I don't get what this does. Separate power for the differentials? Some cleaner reference voltage? That diode is very big for just a reference voltage...and its unregulated so no.

The only thing I can guess is that it is a separate power input w/ sep filter cap to isolate the differentials from the voltage drop that the drivers/outputs might put on the rails under a big signal load so the differentials can still do their job independent of the chaos upstream? Like a constitutionally independent judiciary? In that case, capacitor size matters here to maintain _literal_ separation of power ;-). If so it might be worth bumping up that cap a few sizes?
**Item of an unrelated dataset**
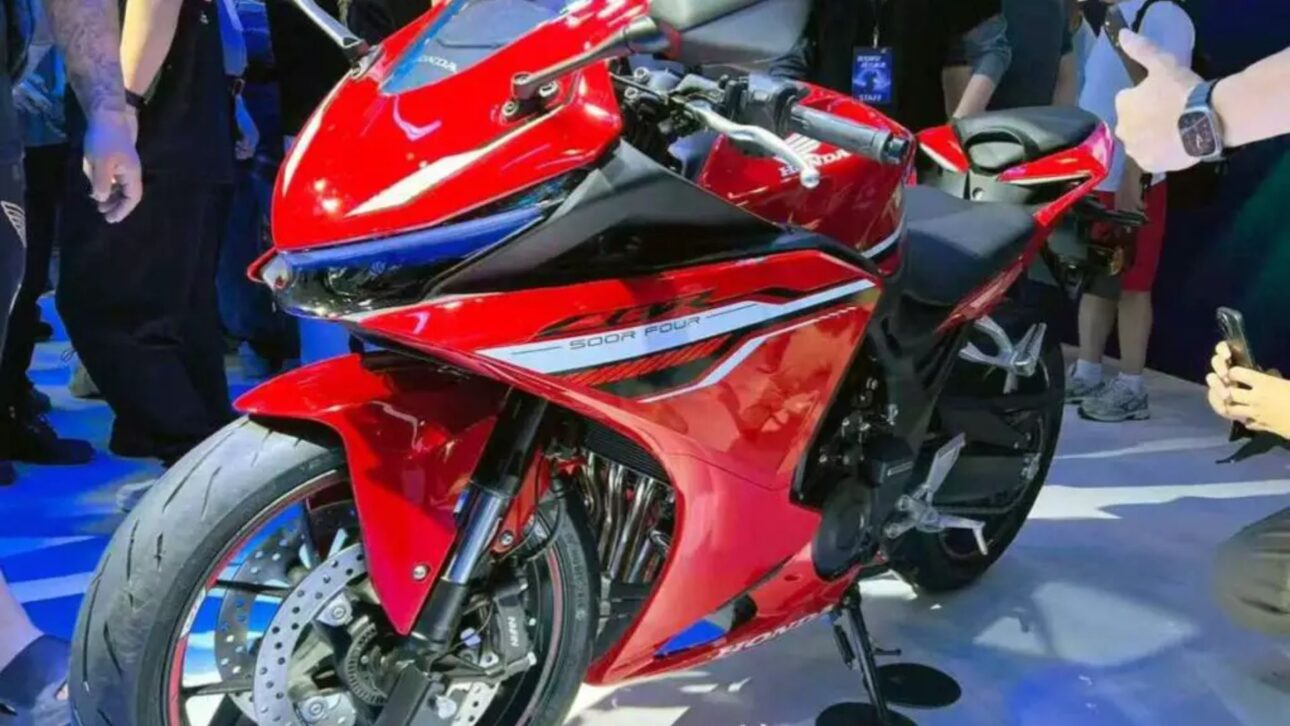 Honda CBR500R Four 2026 traz motor 500cc de quatro cilindros, até 80 cv, E-Clutch e autonomia superior a 480 km.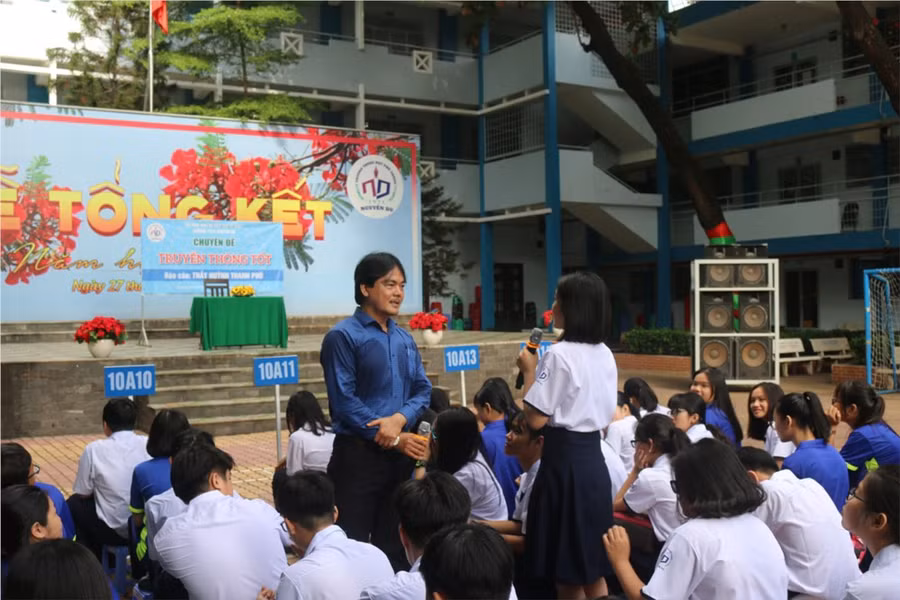 Lời nhắn gửi đầy ý nghĩa của thầy hiệu trưởng với học trò trong đợt nghỉ phòng dịch bệnh Covid-19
It's currently underside on the chassis. But one other rebuild on line (in German) notes that there is a slot for the 1000uf on the boards that isn't used. He used that slot and put one on each driver board, along with a diode for each (giving 2000uf total). I'm not inclined to do that without a reason. But the traces are there and do exactly what is done in the chassis. I'm guessing the move to the chassis enabled them to bump up the capacity of that capacitor to a size they couldn't fit on the board in 1974 sizes.
index.php

Your analysis is correct, the additional local decoupling capacitors are to isolate the differential input signal from being modulated by the power supply sag during heavy current demands from the output stage.
 
C4: feedback loop, replace with C0G type if not already NP0 or mica

Looking at the boards. On the driver C4 and C8 are NP0, the rest are Z5P or U. All the Ceramics on the PreAmp are NP0.
Lower voltage radio boards are non NP0.

Any rhyme or reason seem apparent there? Or just what was in the bin?
 
...Any rhyme or reason seem apparent there? Or just what was in the bin?

It looks like NP0 ceramics were used for values ≤47pF; this may have been the upper limit of what was available as NP0 back when this unit was manufactured. Nevertheless, the fact that they use NP0 ceramics at all is indicative of a high quality build, as is the use of glass epoxy PCBs.